## WORK REQUIRED
Without the pictures, extract every line from the start of the material to the line containing "Bright lights and", both ends included.

[Start of section]

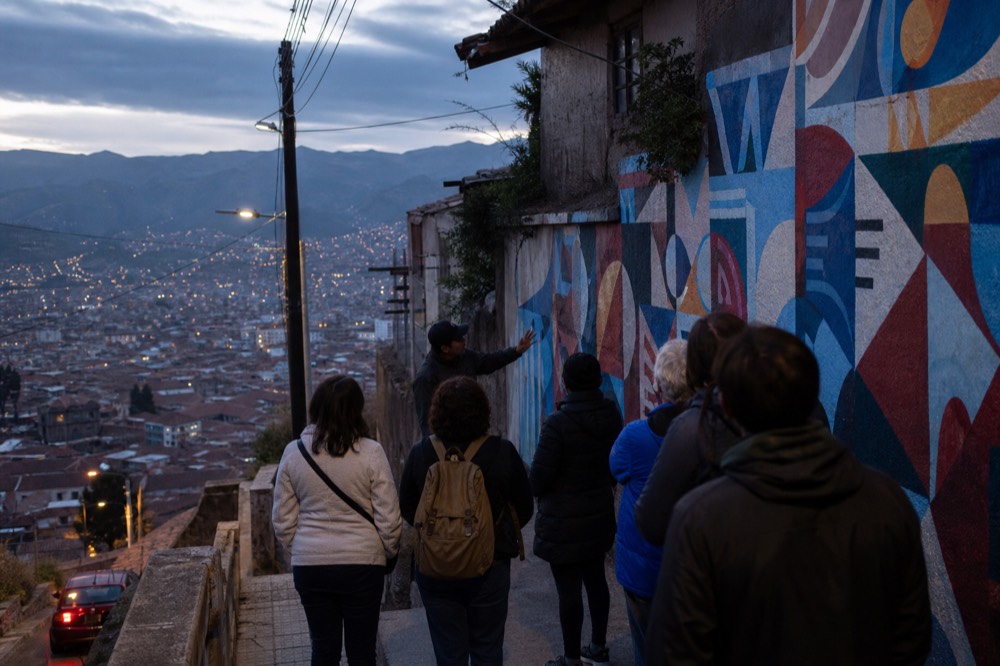 A guide gesturing toward a large abstract mural while a group of six visitors listens, seen from behind on a narrow hillside walkway in soft light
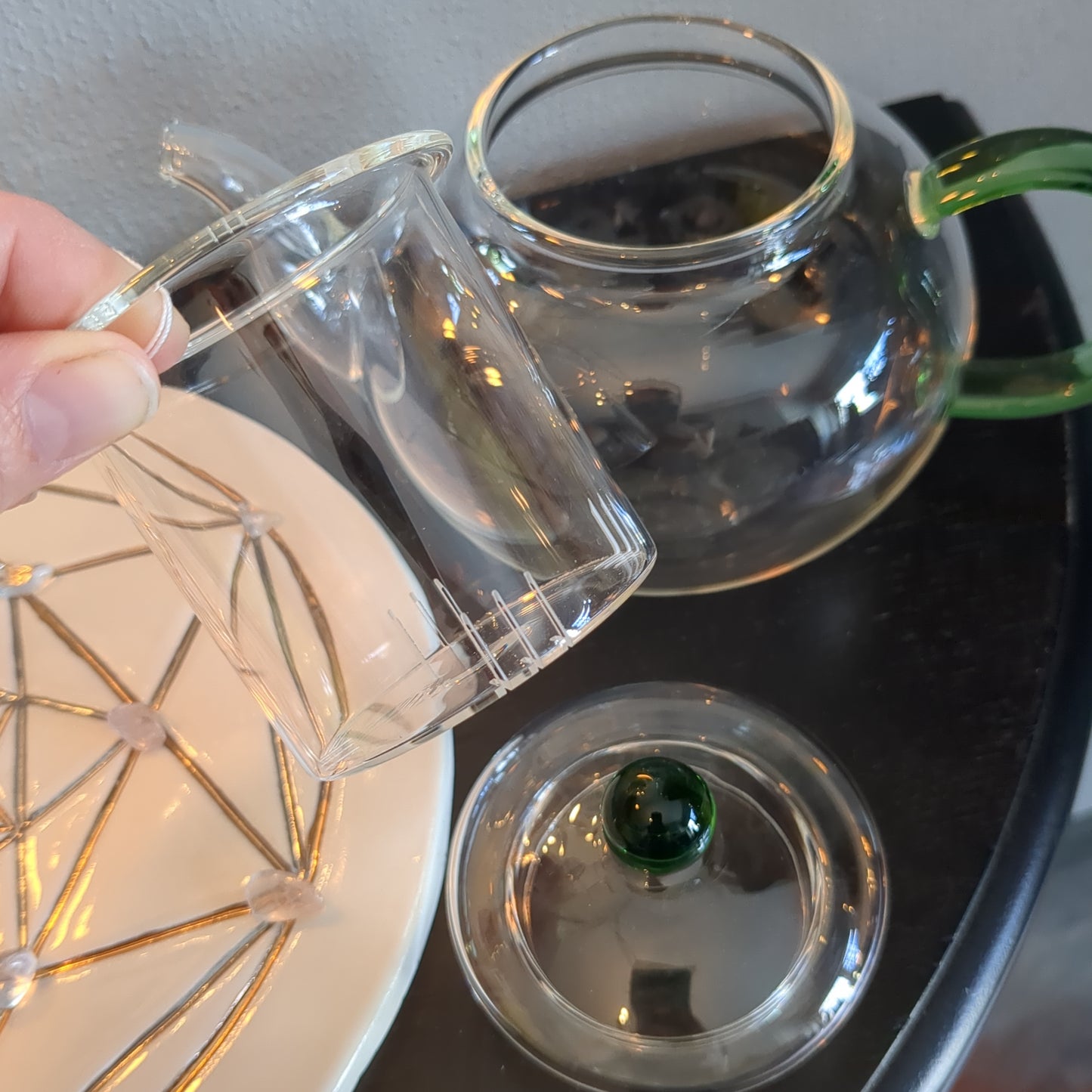 Glass teapot green handle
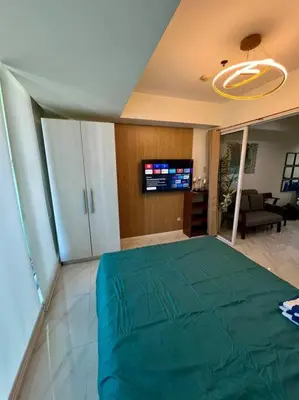 a bedroom with a large green bed in a room at Azure South Bicutan spacious 1BR BEST view in Manila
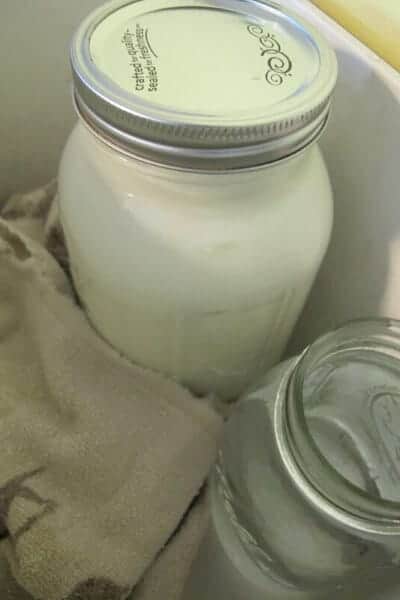 goat milk yogurt incubating in a cooler with a jar of boiling water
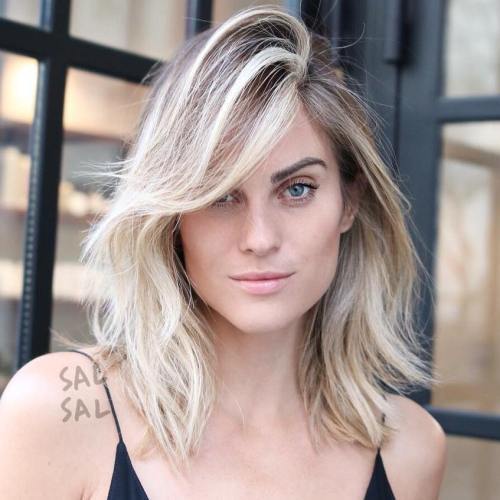 Medium Layered Hairstyle With Side Bangs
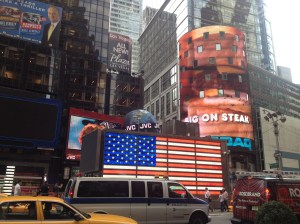 Bright lights and traffic in the concrete jungle. 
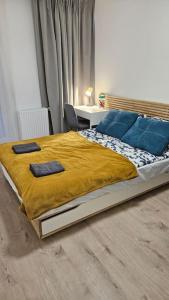1 dormitorio con 1 cama grande con manta amarilla y almohadas azules en Villa Neptun Apartament nad morzem Gdańsk Wyspa Sobieszewska, en Gdansk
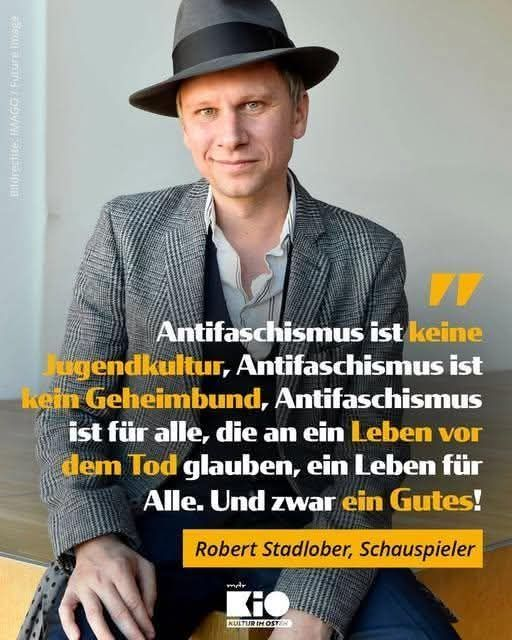 Wir sehen ein etwas älteres Kampagne-Plakat von „KiO – MDR Kultur im Osten“
Zu sehen ist auf einem Foto der Schauspieler Robert Stadlober im Anzug mit Hut wie er in die Kamera lächelt.
Drauf steht:

„Antifaschismus ist keine Jugenkultur
  Antifaschismus ist kein Geheimbund
  Antifaschismus ist für alle,
  die an ein Leben vor dem Tod glauben,
  ein Leben für Alle. 
  Und zwar ein Gutes“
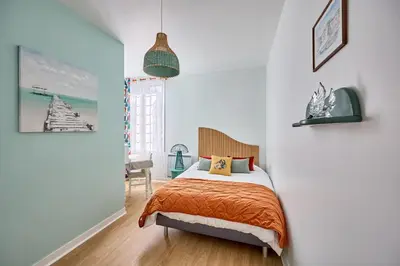 Un ou plusieurs lits dans un hébergement de l'établissement Le Château Rêvé - Superbe appt vue mer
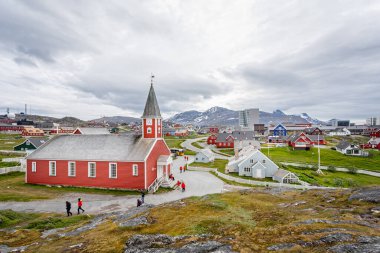 Panoramic view of Church of our Saviour - iconic red wood building and the town of Nuuk in Nuuk, Greenland on 20 July 2022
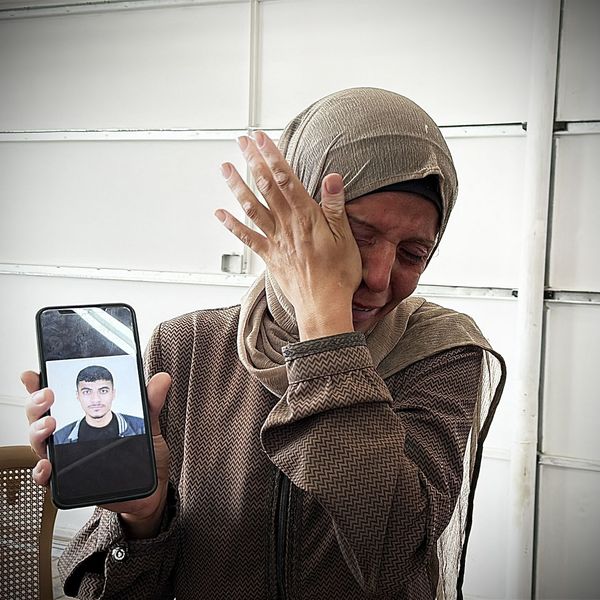 A woman holds up a mobile phone showing a picture of a relative inside Nasser Hospital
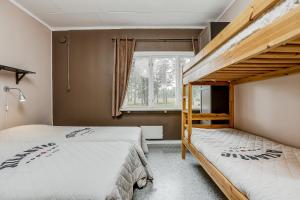 a bedroom with two bunk beds and a window at STF Hostel Lärbro/Grannen in Lärbro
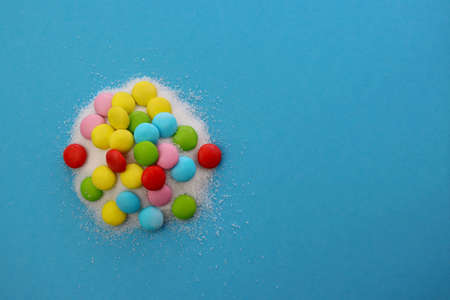 Multi-colored sweet dragees are immersed in white sugar. Sweets and sugar on a blue background.の写真素材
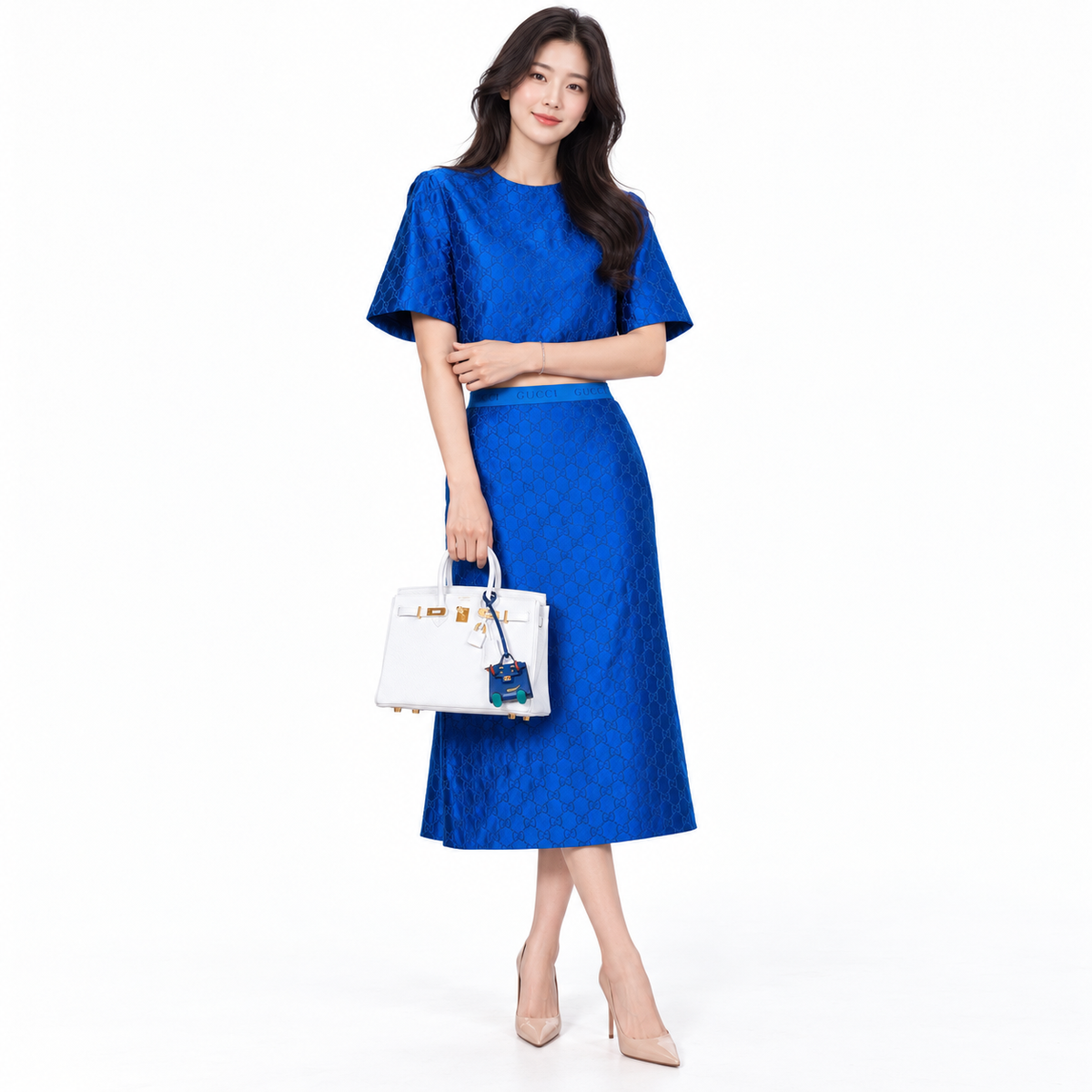 Hermès HSS Birkin 25 White Togo and Rose Pourpre Interior with Brushed Gold Hardware shown on a model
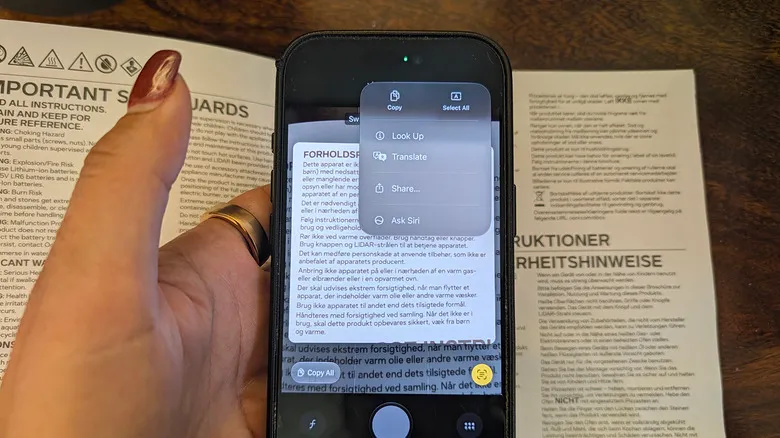 iPhone encuadrando un manual con las opciones de Live Text en pantalla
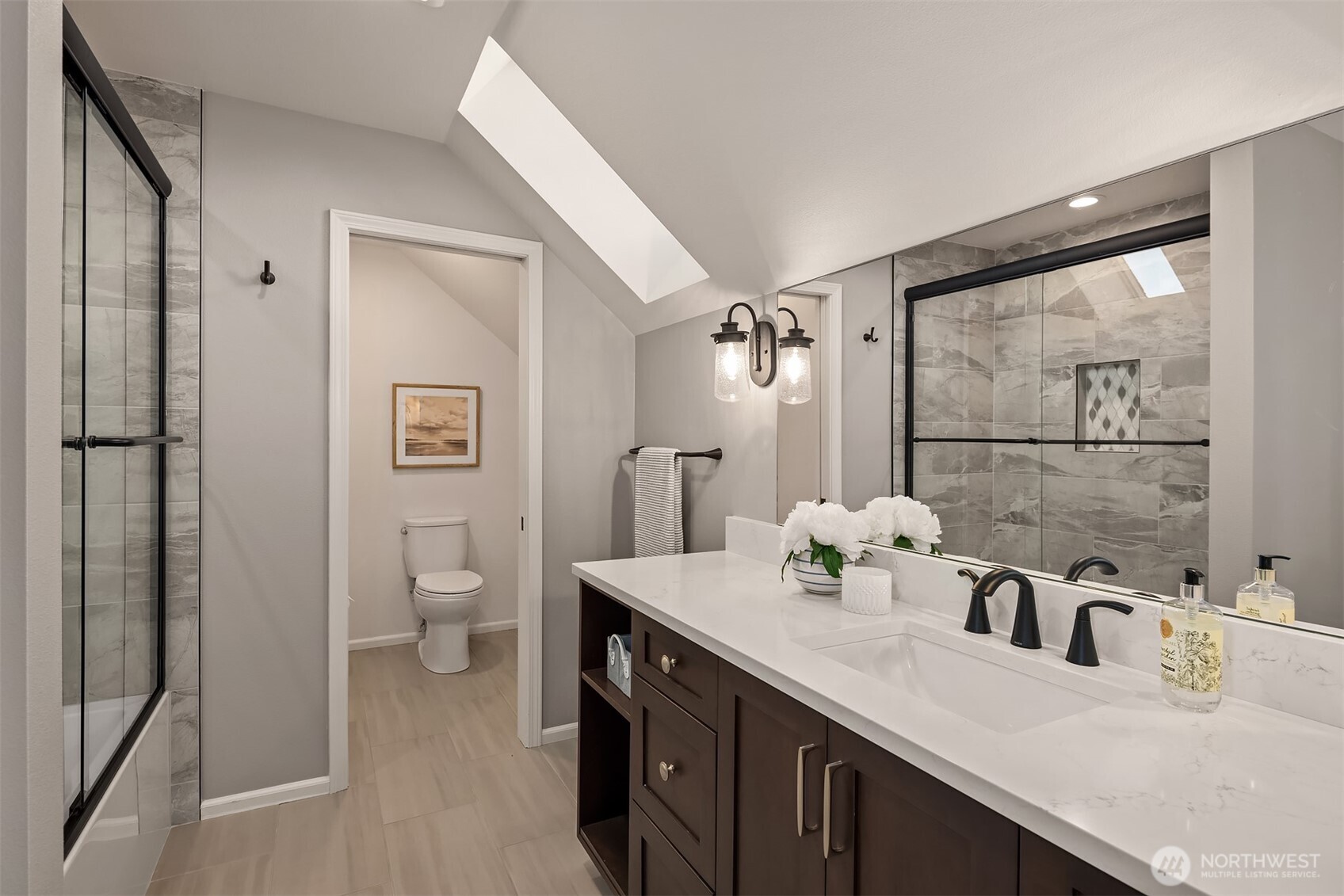 17620 Southeast 106th Street Renton, WA 98059 - Photo 27 of 40 a bathroom with a sink vanity granite and toilet
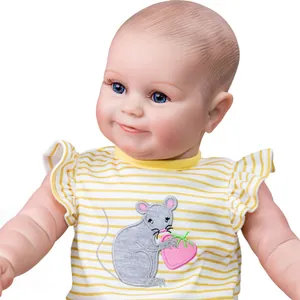 20 inch lifelike Reborn Maddie doll with blue eyes and yellow striped outfit on white background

[End of section]

## TASK RESULT
 A guide gesturing toward a large abstract mural while a group of six visitors listens, seen from behind on a narrow hillside walkway in soft light
 Glass teapot green handle
 a bedroom with a large green bed in a room at Azure South Bicutan spacious 1BR BEST view in Manila
 goat milk yogurt incubating in a cooler with a jar of boiling water
 Medium Layered Hairstyle With Side Bangs
 Bright lights and traffic in the concrete jungle. 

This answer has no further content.